Ao mesmo tempo, militares derrubaram o governo no sul; países vizinhos discutem uma intervenção armada

Tuaregues lutam por Estado próprio e foram armados por Gaddafi; cerca de 35 brasileiros vivem no país africano

Issouf Sanogo
Jovens do norte do Mali discutem a crise na capital, Bamaco; "o norte chora", diz cartaz
Jovens do norte do Mali discutem a crise na capital, Bamaco; "o norte chora", diz cartaz

CAROLINA MONTENEGRO
DE SÃO PAULO

Um país desértico no oeste da África, que já abrigou um império continental, o Mali, é desde a semana passada palco de uma revolta sem precedentes -e efeito colateral da Primavera Árabe.

Rebeldes separatistas, os tuaregues, tomaram as três maiores cidades do norte do Mali: Gao, Kidal e Tombuctu -patrimônio da humanidade, tombada pela Unesco.

Rebeliões tuaregues são recorrentes no país desde sua independência da França em 1960. "Os tuaregues sempre se sentiram marginalizados do sul e do governo de Bamaco. Mas o catalisador, agora, foi o retorno para o Mali de milhares de tuaregues da Líbia, que faziam parte do Exército de Muammar Gaddafi", explicou à Folha Jeremy Keenan, professor na Soas (Escola de Estudos Orientais e Africanos), em Londres.

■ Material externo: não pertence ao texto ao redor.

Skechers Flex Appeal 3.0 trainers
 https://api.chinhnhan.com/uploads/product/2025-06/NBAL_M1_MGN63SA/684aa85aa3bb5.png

Durante décadas, os tuaregues deixaram o Mali rumo à Líbia, por causa da seca. Muitos se juntaram às forças de Gaddafi para lutar inclusive na própria revolta líbia -que durou meses e teve como saldo a queda do ditador.

Desde o fim do ano passado, os tuaregues retornam ao Mali. "Estavam aborrecidos com o desfecho de Gaddafi, fortemente armados e pensavam: 'Passamos a vida lutando por Gaddafi e outros e terminamos perdendo, então agora vamos lutar por nosso próprio país'", disse Keenan.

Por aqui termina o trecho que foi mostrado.